The doctor from Sigüenza, Javier Sanz, has just published his new book, with a title that is intentionally almost a palindrome: ’50 de más de 70′. Edited by the ASISA Foundation, it is not a typical book. First of all, because of its origin. A avid reader of newspapers, “in paper, naturally,” boasts Sanz, also always has a pencil or marker next to his coffee, with which he writes on an agenda – surely a gift from his daughters – things that surprise him, motivate him, or intellectually stimulate him.
Reading an interview with Alicia Alonso, a 92-year-old dancer, he jotted down this phrase: “I keep dancing with my mind, and I end up very tired.” Coincidentally, the agenda and marker were around, and Javier, versatile, also made a caricature. It was September 22, 2011.

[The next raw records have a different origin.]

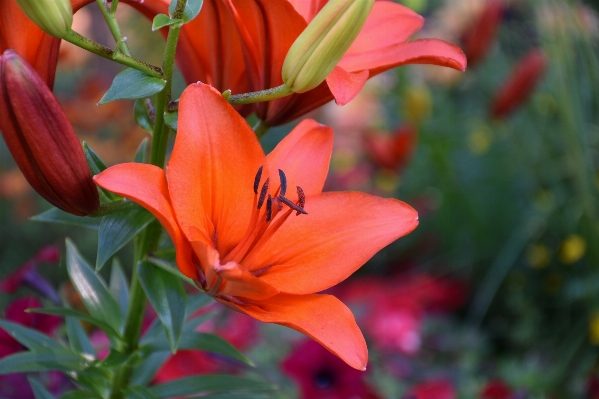 自然 花 植物 花弁 写真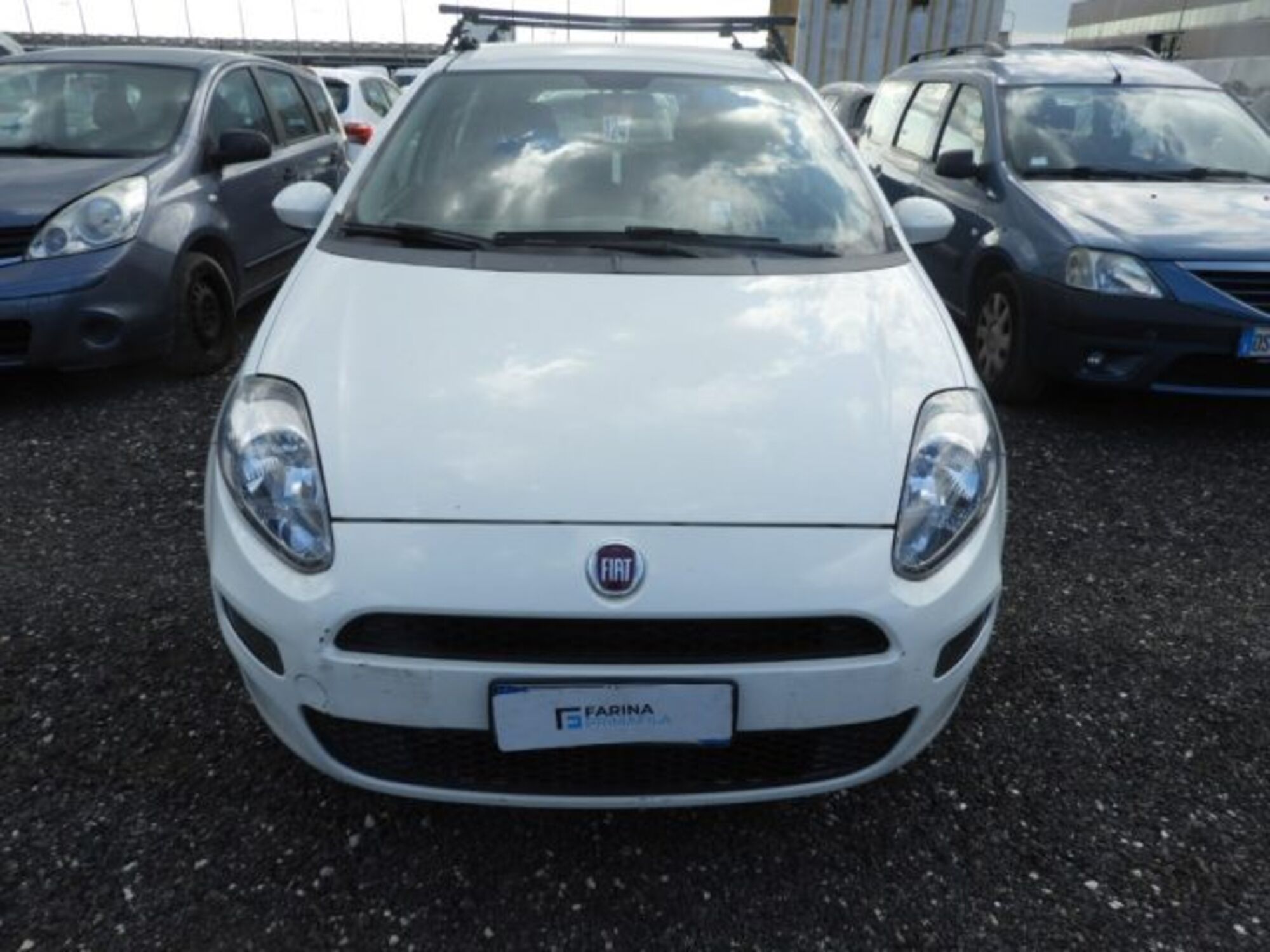 Fiat Punto 1.4 8V 5 porte Easypower Street  del 2015 usata a Marcianise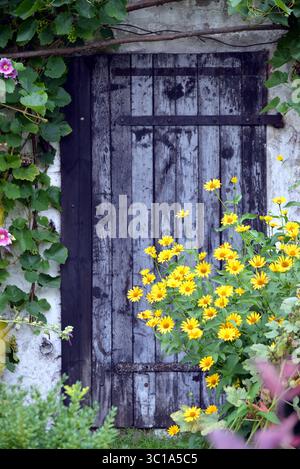 Eine alte, verwitterte Holztür eingerahmt von Weinstöcken und hellgelben Scheinsonnenblumen (Heliopsis helianthoides) in einem Hüttengarten. Stockfoto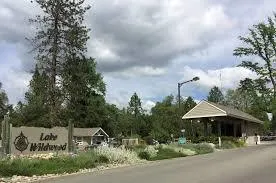 a view of a street with fire pit and trees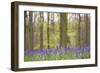 Bluebells in Beech Woodland-null-Framed Photographic Print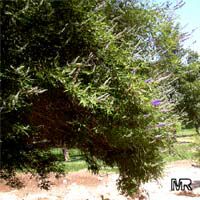 Vitex agnus castus Vitex agnus castus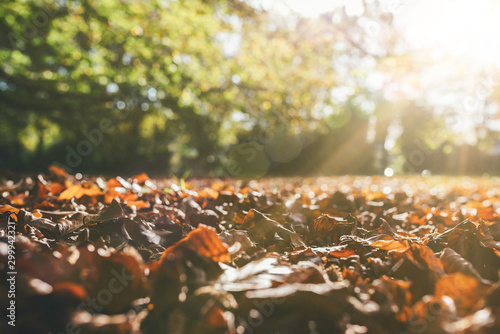 low angle view of fallen autumn leaves on ground against green trees in sunlight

From that moment on, the agenda began recording quotes and caricatures of other seniors with interesting phrases. All had turned seventy, and, ultimately, this was his requirement for entry into Javier’s new work, thereby proving true the old Spanish saying of ‘the devil knows more from being old than from being a devil’. “We must pay tribute to the elderly. It is a pleasure to listen to them, because there are things that can only be said from wisdom and experience, and when time, cruel to the body, instead, frees the mind from the shackles of decorum,” he points out.

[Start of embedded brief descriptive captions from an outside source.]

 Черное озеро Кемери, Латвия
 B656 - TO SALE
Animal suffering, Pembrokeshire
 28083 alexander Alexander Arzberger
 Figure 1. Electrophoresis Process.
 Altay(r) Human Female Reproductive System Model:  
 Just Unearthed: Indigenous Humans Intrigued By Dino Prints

This is the little story of how this new project by Javier Sanz was born, in which he collects quotes, like that of Alicia Alonso, caught on the fly in a reading, and all of them are the result of spontaneity, rather than reflection. The result is a fresh, different book. “When the journalist asks, and the interviewee quickly responds with terse phrases, with agility and lucidity, they are worth twice as much,” considers the author.
It has taken nearly fifteen years to compile the quotes, and to then depict, on the opposite page, their corresponding “caricature, portrait, both, or none,” as he explains, always modestly, the author in the preface, who, once, signed off on an exhibition in his native Sigüenza. “Since I was a child, I have maintained a curiosity for drawing, for which I have a certain skill. In this case, and after writing the quote on the agenda, some scribbles came out, quickly made, with continuous lines, as I read the interview,” he adds.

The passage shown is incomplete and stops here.